— А аббат Буссар? Что скажет аббат Буссар?
— Ничего. Он ничего не скажет, потому что ты ему ничего не скажешь, вот и все! О, прошу тебя, Бертилла, разве не видишь, как я счастлива? Ты так часто повторяла мне, что здесь я среди друзей, что должна с улыбкой думать о завтрашнем дне, что счастье заключается в доверии. Я поверила тебе. Помоги мне обрести то, что я потеряла. Не огорчай меня!
Карлица немного подулась, потом, когда Изабо раскрыла объятья, бросилась в них, без церемоний положив свою не по росту большую голову на живот подруги.
— Крокмитену это не понравится, — сдаваясь, проворчала она.
Но уже следующим утром она была готова вступить в игру и с хорошим настроением помогала Изабо наряжаться.

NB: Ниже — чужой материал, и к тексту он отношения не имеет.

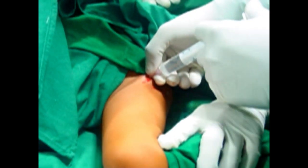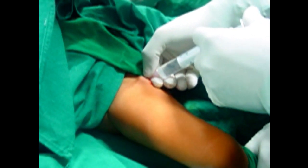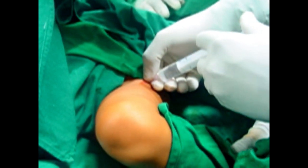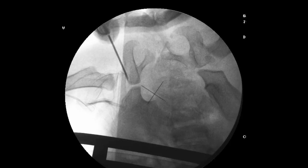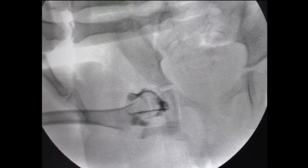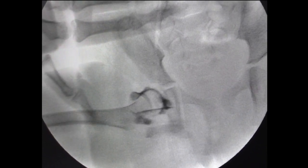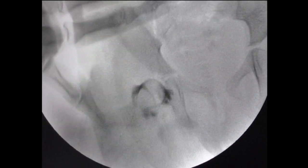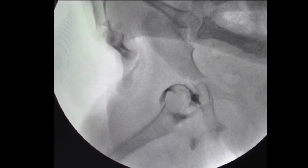If the fluid comes back out, and as you inject if the hip moves, it tells you that you are inside the joint. Now you are ready to inject the dye — I use Omnipaque. Then you take the hip again and check the safe zone of Ramse, abducting so that the reduction is stable.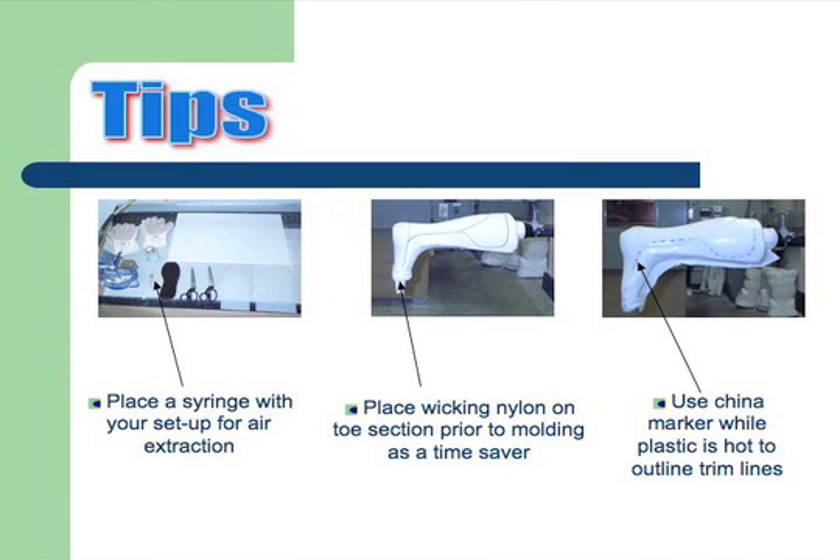Another thing that saves some time: make sure your second nylon is on your cast before you start. You don't want to have to try to pull it over and catch it or tear it — it's just easier to have it on the cast. As soon as your mold is done, highlight your trim lines with the wax marker so you can see them and cut them off.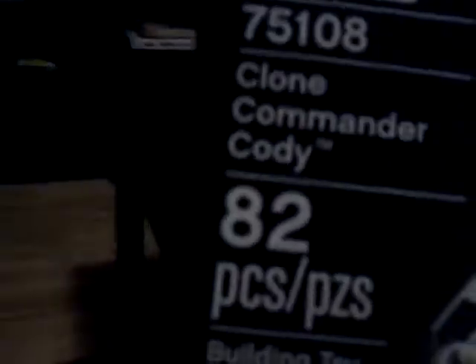Hey you guys, it's your good friend Aiden here. I'm just going to make this little video on a Lego Star Wars set that I just got. It's in the box. It's the new Lego Star Wars Commander Cody, like these new buildable figures.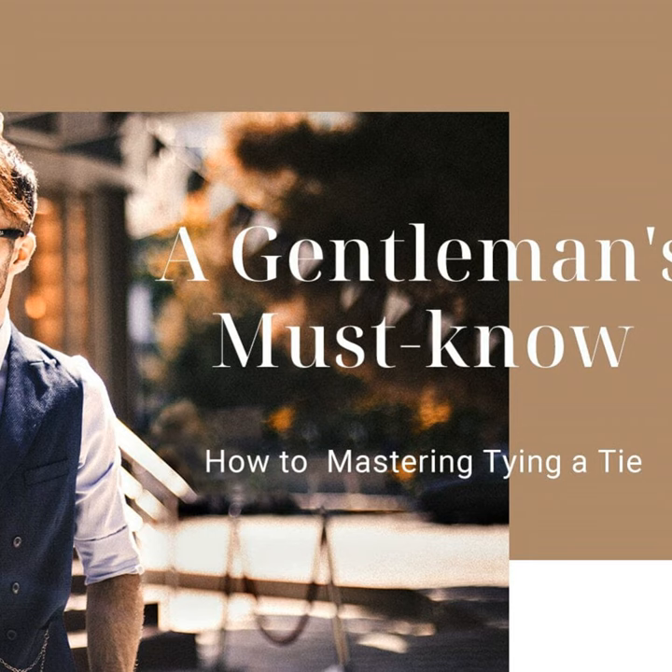Style is all about the details. So in summary guys, give this podcast a listen, take notes as I demo tying a tie live, and then hit replay as many times as you need until you've mastered the art. I promise with some practice, you'll be dressing to impress in no time. Tie one on for me. Until next time, this is Michael signing off. Stay stylish, my friends.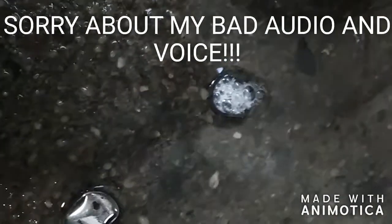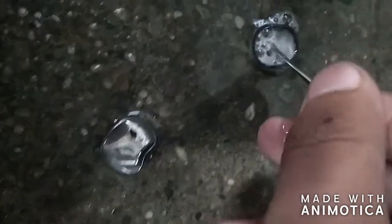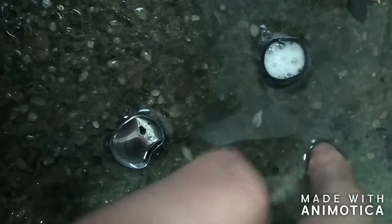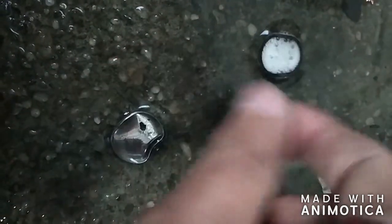Hello ladies and gentlemen. Today I will be extracting lithium from this lithium coin cell battery. We can see it is lithium because it fizzes when I add water to it, and the residue on my fingers feels very slippery, indicating that a base like hydroxide has formed.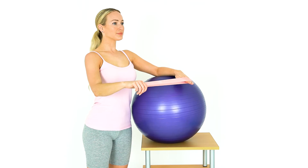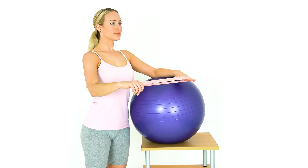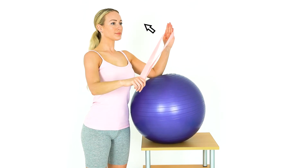With your elbow resting on the ball, rotate your arm outwards against the resistance of the band. This strengthens the rotator cuff muscles.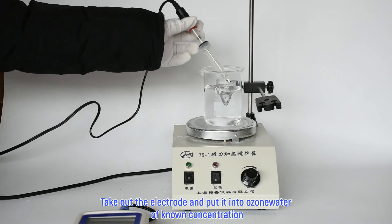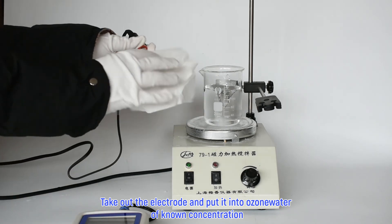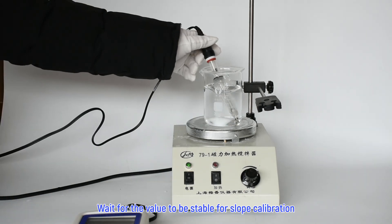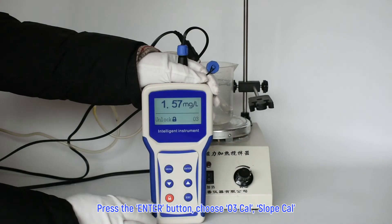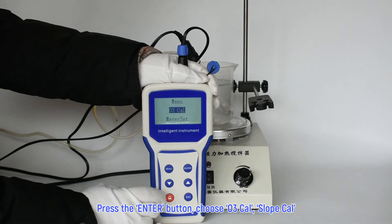Take out the electrode and put it into ozone water of known concentration. Wait for the value to be stable for slope calibration. Press the enter button, choose ozone cal, then slope cal.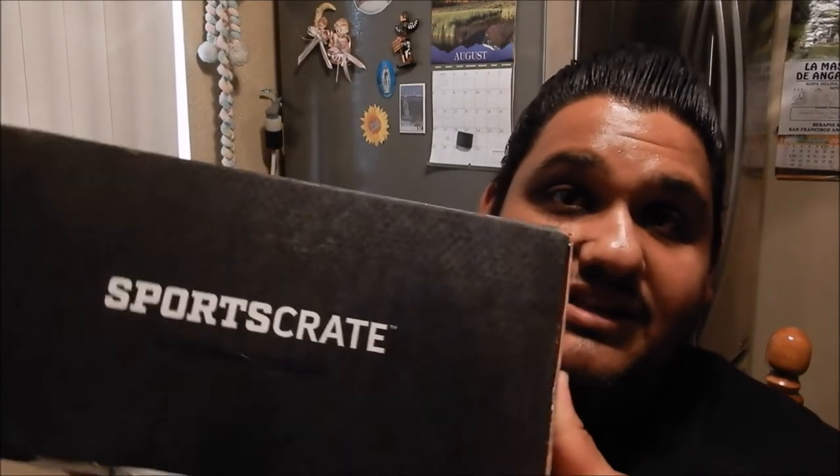Alright, let's check it out. This Sports Crate has an LA on it like I mentioned — it's the Dodgers Sports Crate. I'm going to open it today and see what kind of contents they include. It's a monthly subscription, it comes sealed, and it's kind of exciting to open. Alright, got it unsealed, let's check it out.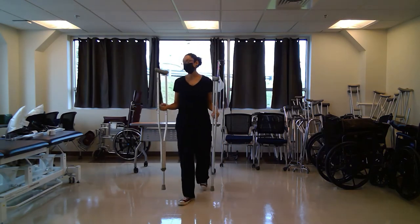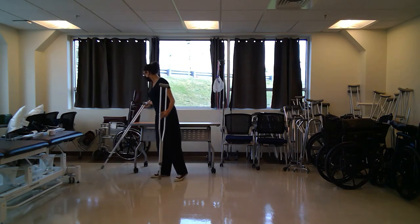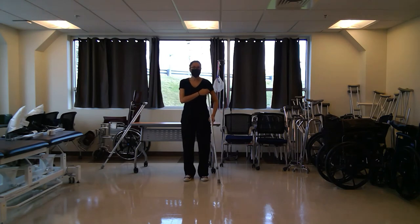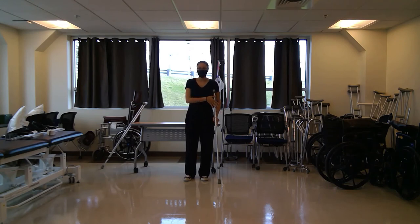The four-point modified uses one assistive device — again, you can use a lofstrand crutch or a cane — and it goes on the opposite side of your affected leg. So if my right side is my affected side, I'm going to put the crutch on my left side.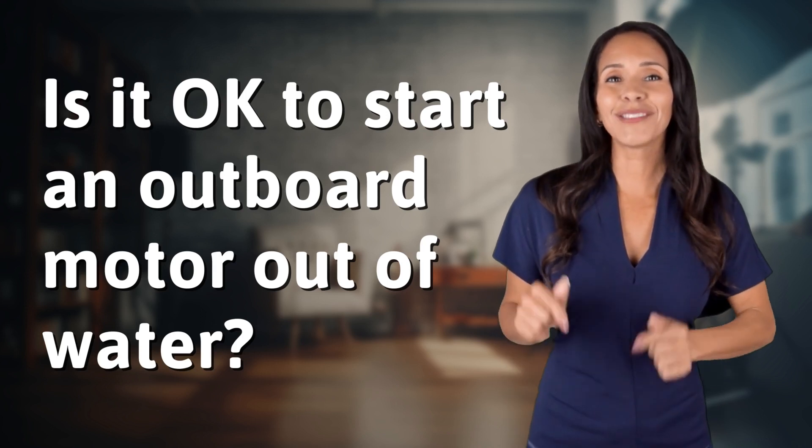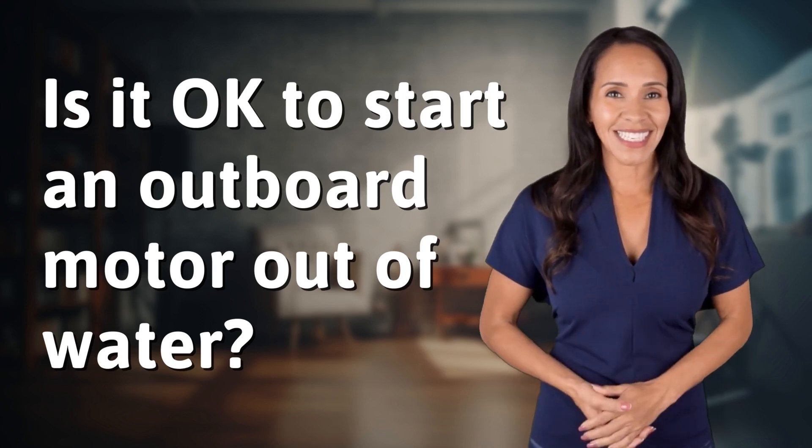Bringing you info at the speed of now, what's today's instant insight?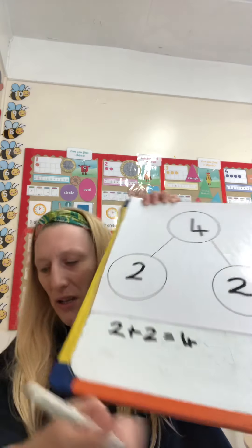This is how you can check your answer. Or you could count all of your toys together. So we had two in one pot and two in the other. So we've got touch counting: one, two, three, four. Excellent.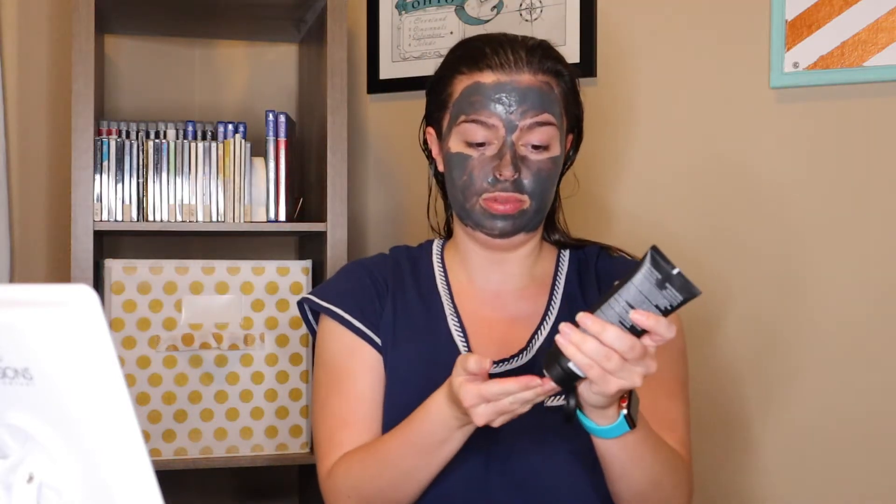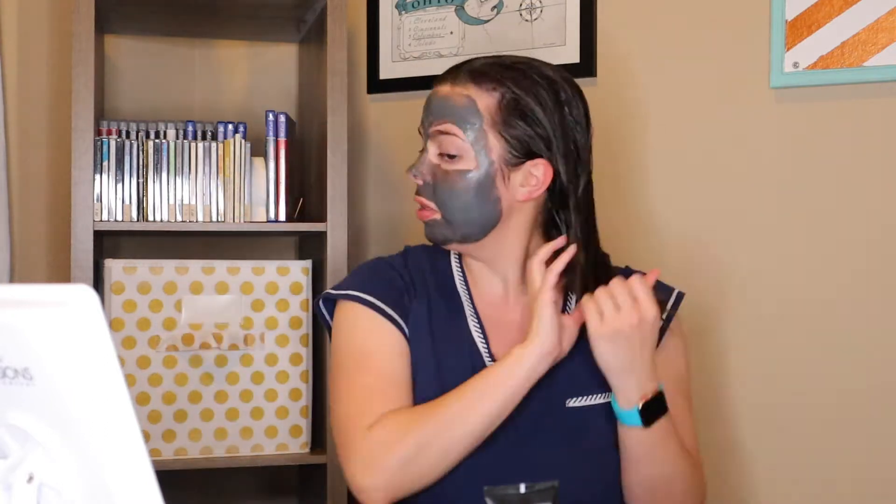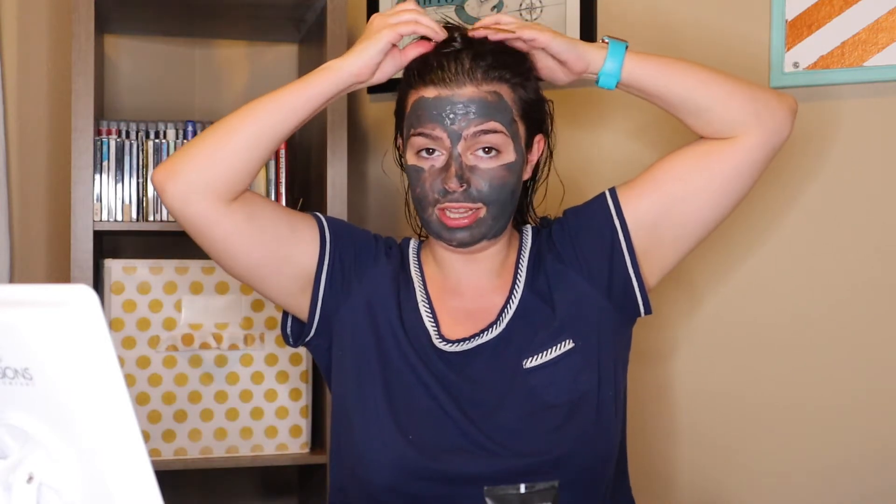First thing we're going to do is follow all of the steps from my previous video. Then add a little bit of product to help speed up the process — just a tiny bit. If you're looking for volume, I've also done this with the Brad Mondo volumizing pump. Then we're going to divide it into sections like we're supposed to do — you already know how to do this because you watched that first video.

Итак, они очутились на берегу Сены под ярко-синим небом, на котором сияло ослепительное солнце. Снег уже превращался в месиво под копытами лошадей. И только деревья вдоль берега еще хранили на своих голых ветвях нестойкие белые украшения, которые иногда бесшумно падали к подножьям стволов. Было довольно холодно, но Изабо этого не замечала. Видала она и не такие морозы! А этот день уже пах весной.
Берег был красив, его оживляли гуляющие, огородники, паромщики. Какое-то время влюбленные шли молча. Изабо вслушивалась в шумы, вдыхала запахи, так отличающиеся от тех, что окружали ее в детстве. Это был совсем другой мир, и Жак не мешал ей дышать, осматриваться, слушать, он только бросал на нее лихорадочные взгляды да сыпал шутками и анекдотами, чтобы лишний раз иметь счастье услышать ее смех. Они остановились около тележки, возле которой какой-то старик поджаривал на жаровне каштаны.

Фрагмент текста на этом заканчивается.